> [Problem statement] A faithful copy is needed of the lines below from the one with "Hi Bappy, this" up to and including the one with "Did you guys"; set it down with no pictures and no other lines.

> [Data under study]
──────────────────────────────
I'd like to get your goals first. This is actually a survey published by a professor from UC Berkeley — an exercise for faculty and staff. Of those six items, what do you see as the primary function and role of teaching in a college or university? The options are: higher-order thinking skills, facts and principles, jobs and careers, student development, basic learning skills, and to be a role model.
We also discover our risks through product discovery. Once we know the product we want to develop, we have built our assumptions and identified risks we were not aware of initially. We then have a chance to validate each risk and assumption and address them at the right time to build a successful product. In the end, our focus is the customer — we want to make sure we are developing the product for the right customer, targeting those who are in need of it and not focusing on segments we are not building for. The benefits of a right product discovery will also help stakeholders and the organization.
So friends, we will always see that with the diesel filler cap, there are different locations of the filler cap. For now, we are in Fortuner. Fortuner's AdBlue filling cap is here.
──────────────────────────────
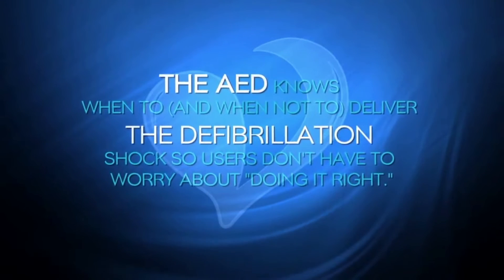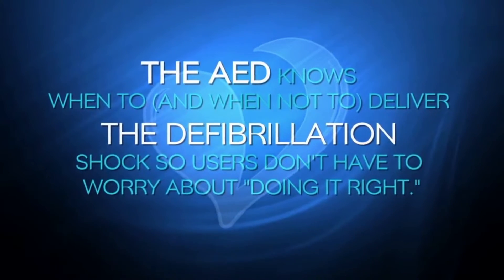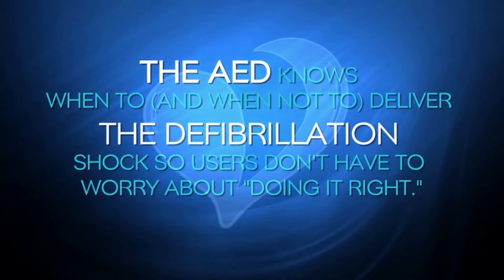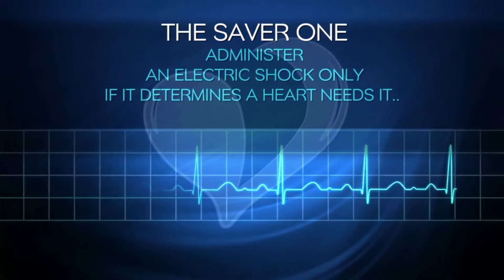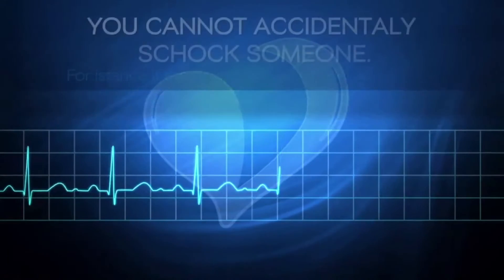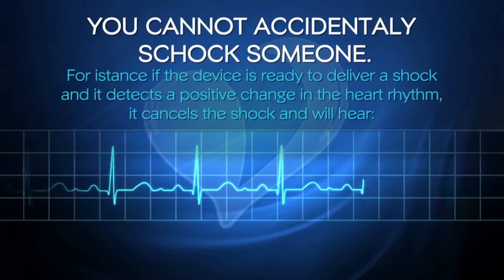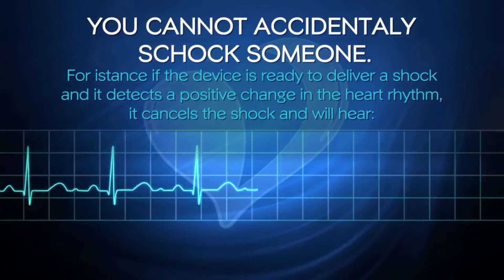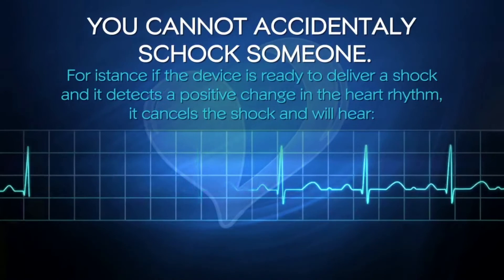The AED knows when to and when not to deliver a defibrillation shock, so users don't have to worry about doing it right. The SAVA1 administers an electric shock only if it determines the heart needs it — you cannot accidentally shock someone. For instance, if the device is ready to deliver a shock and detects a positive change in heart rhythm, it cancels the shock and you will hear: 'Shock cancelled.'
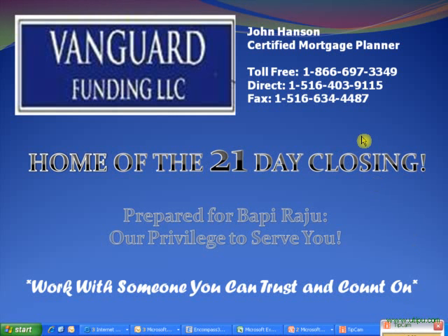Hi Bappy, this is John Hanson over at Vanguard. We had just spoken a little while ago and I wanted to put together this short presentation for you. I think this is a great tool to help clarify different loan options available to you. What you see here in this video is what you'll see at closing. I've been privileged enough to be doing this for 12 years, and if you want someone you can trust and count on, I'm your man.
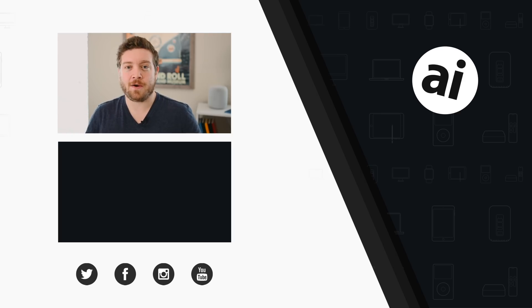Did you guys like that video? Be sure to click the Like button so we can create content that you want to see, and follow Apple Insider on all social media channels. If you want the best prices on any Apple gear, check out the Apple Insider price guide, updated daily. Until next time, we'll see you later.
──────────────────────────────
> [Result]
Hi Bappy, this is John Hanson over at Vanguard. We had just spoken a little while ago and I wanted to put together this short presentation for you. I think this is a great tool to help clarify different loan options available to you. What you see here in this video is what you'll see at closing. I've been privileged enough to be doing this for 12 years, and if you want someone you can trust and count on, I'm your man.
Did you guys like that video? Be sure to click the Like button so we can create content that you want to see, and follow Apple Insider on all social media channels. If you want the best prices on any Apple gear, check out the Apple Insider price guide, updated daily. Until next time, we'll see you later.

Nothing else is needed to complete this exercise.